The anger that populists and anti-establishment conservatives have is not just being expressed through words, but through voting at the ballot box. If you would have told me on the day of the midterm elections in 2014 that Donald Trump and Ted Cruz, two anti-establishment rightist politicians, would be #1 and #2 respectively in the race to become the Republican nominee this year, I would have laughed out loud. But Trump and Cruz are the two front runners for the nomination, and both have rebelled against an establishment that has sold out the conservative movement. South Carolina voter John Baldwin couldn’t have said it better when he said, “We are voting with our middle finger.”

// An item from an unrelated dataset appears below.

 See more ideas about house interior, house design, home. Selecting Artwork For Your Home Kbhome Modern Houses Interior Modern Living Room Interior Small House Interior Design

With Trump and Cruz leading the pack, and no establishment hero to be found now that Marco Rubio’s campaign is currently on life support, the Republican establishment is in panic mode. But we the people don’t care that the establishment is panicked and their hero candidate is on life support. It now seems inevitable that for the first time since Ronald Reagan, we will have a non-establishment nominee for our party to run for president. The establishment should not be surprised that so many Americans, including myself, are “voting with their middle finger”.

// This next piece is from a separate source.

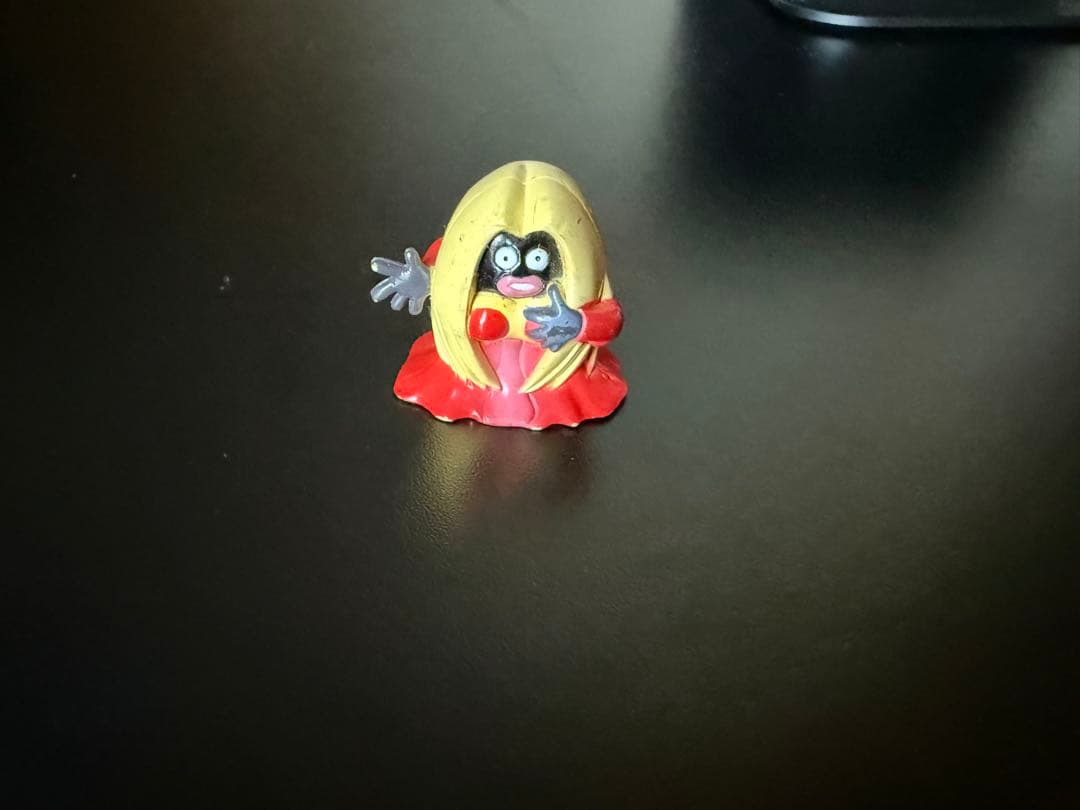 モンコレ ルージュラ - メルカリ モンコレ ルージュラ - メルカリ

Right minded Americans across this great nation have witnessed the Republican establishment betray the people, and instead cater to the interests of big donors, K Street power brokers and special interest groups who solely work to advance their own goals. We’re sick and tired of the betrayal and being stabbed in the back. We conservatives are weary of the establishment’s hollow, unfulfilled promises to fight back against the Obama administration, and we are fed up with the establishment putting crony capitalists ahead of Americans on Main Street.

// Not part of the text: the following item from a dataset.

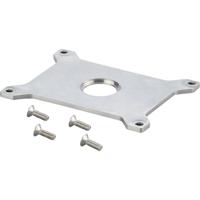 ifm Electronic E80336 Montage-accessoires E80336 1 stuk(s)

Jeanine Pirro is right, there really is an insurrection coming, and one is continuing to play out in primary states across America. Malkin is right too in that the bought and paid for establishment has not listened to the people, and now, the establishment is paying the price of decades of betrayal. There’s an insurrection coming against the Republican establishment and its special interest groups who sway politicians left and right. The political parties are being redrawn and the game has changed with Donald Trump making history in just ten months. The slogan at CPAC, Our Time is Now, sums up my article. Our Time is Now not just to unite behind Donald Trump (or if need be, Ted Cruz) to defeat the Democrats in November, but to continue voting with our middle finger against the establishment in the primaries in the presidential race and locally. Our Time is Now to make proactive change within the conservative movement and to stop decades of betrayal from the John McCain’s, Mitt Romneys and Jeb Bushs of the Republican Party. Our Time is Now to face the uphill task of both pushing back against the establishment and winning in November to take our country back, and I believe we must say a great phrase to a bureaucrat’s ears loudly to the establishment which have worked in lockstep to silence populists and conservatives: “People shouldn’t be afraid of their government. Governments should be afraid of their people.”